What is a good innings? I hate throwing things away, but if it's time... it's time ...


----------



## bobzmyunkle (6 Jan 2023)

How long do garden hoses last??​About as long a a piece of string.


----------



## Bonefish Blues (6 Jan 2023)

Depends on the colour and where they're stored. Get a black one, ideally, and store it out of sunlight and you'll be golden. Green/pale colours in sunlight, not so much.


----------



## Alex321 (6 Jan 2023)

We've had garden hoses for over 20 years, that are still usable.

Try running some warm water through it, and coiling it while still warm. That may well refresh it enough to continue being useable for a while.


----------



## All uphill (6 Jan 2023)

matticus said:


> I think the recent sub-zero spell might have been the beginning of the end for ours. (yes of course one should keep the poor things indoors, warm and well-fed.)
> 
> It's become almost impossible to coil-up nicely, and has a kink sharp enough to restrict flow.
> 
> What is a good innings? I hate throwing things away, but if it's time... it's time ...



It may soften with warmer weather, which will help it roll better and ease out the kink.

Ours has recently celebrated its twelfth birthday.


----------



## ColinJ (6 Jan 2023)

That has just reminded me that forgot open the tap on the end of the hose in my back yard before that recent freezing spell. I am pretty sure that the hose will be split as a result of my negligence...


----------



## matticus (6 Jan 2023)

Bonefish Blues said:


> Green/pale colours in sunlight, not so much.



_Now _you tell me ...


----------



## matticus (6 Jan 2023)

ColinJ said:


> That has just reminded me that forgot open the tap on the end of the hose in my back yard before that recent freezing spell.

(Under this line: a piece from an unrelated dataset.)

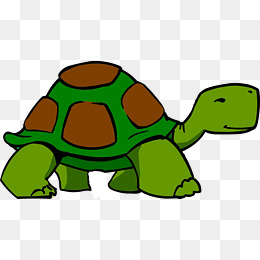 Slow tortoise clipart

I am pretty sure that the hose will be split as a result of my negligence...



I may have good news for you: this does not cause splits. (speaking from .... er ... many years of hard frost experience ... ) :P


----------



## matticus (6 Jan 2023)

Alex321 said:


> We've had garden hoses for over 20 years, that are still usable.
> 
> Try running some warm water through it, and coiling it while still warm. That may well refresh it enough to continue being useable for a while.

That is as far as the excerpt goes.